Vivian keeps her promise by visiting health centers in her neighborhood, speaking to the young and old on the importance of taking all prescribed medications. She also makes house visits to defaulters, encouraging them to resume treatment. Through her efforts, Vivian represents thousands of youth between ages of 15 – 34 in Kenya who have partnered with USAID programs to improve their quality of life.

Philip Odhiambo, one of the defaulters visited by Vivian, says: “Were it not for Vivian’s counselling, I would not have gone back to taking the prescribed medicines. She educated me and many people on the risk of developing multi-drug resistance, which is expensive and difficult to treat. She also encouraged me to complete the medication to avoid spreading the disease in the community.”

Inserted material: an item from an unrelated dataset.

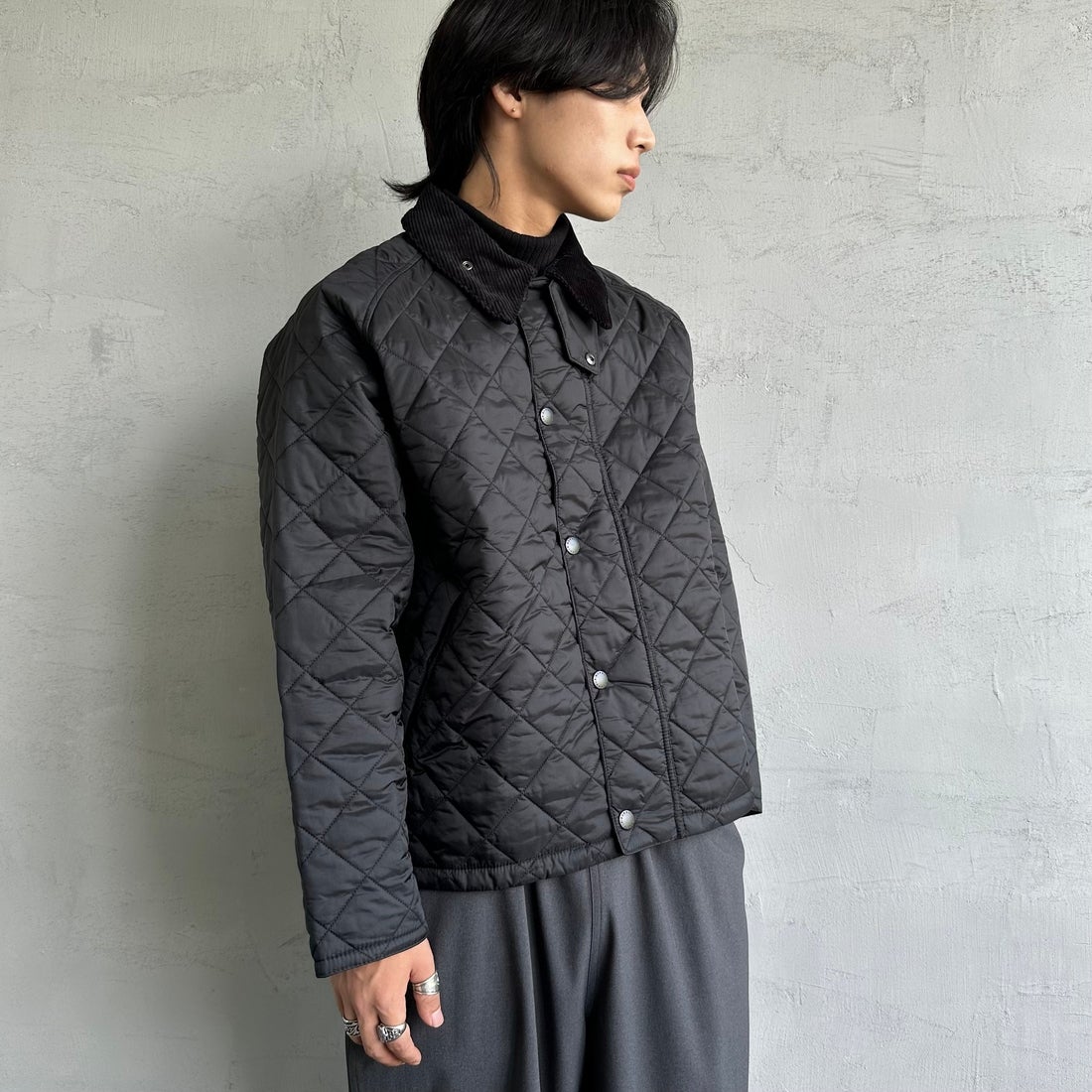 Barbour [バブアー] TRANSPORT/トランスポート オーバーサイズキルティングジャケット [MQU1796] BK91 &&モデル身長：179cm 着用サイズ：40&&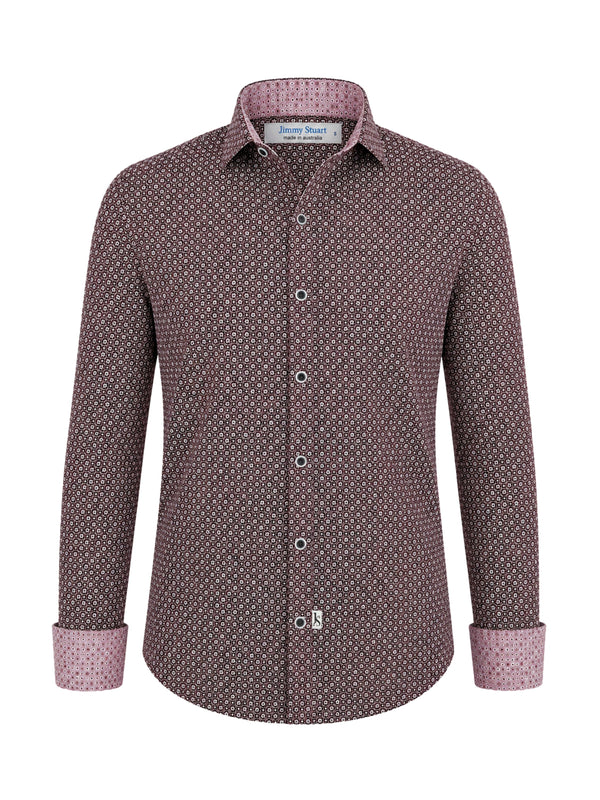 Roman Geometric Cotton L/S Big Mens Shirt - Brown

The USAID-funded Tuberculosis Accelerated Response and Care II program partners with Kenya’s Ministry of Health to support the “Stop TB Partnership-Kenya” initiative. Through this partnership, TB champions like Vivian learn to create awareness in their communities, support patients’ understanding of treatment, and conduct peer-to-peer learning sessions. A celebrated youth, she also represents the 70 TB champions in Kenya who have been trained to support, inform, and educate her peers and community.

“Though my work is voluntary with no financial returns, I will continue educating my community on the importance of completing TB medication”, she says. “To fellow youth champions, it’s time to end TB in Mathare, it is time to end TB in Kenya,” she concludes.

Image
Vivian, at her home in Mathare, one of Nairobi’s largest informal settlements in Kenya.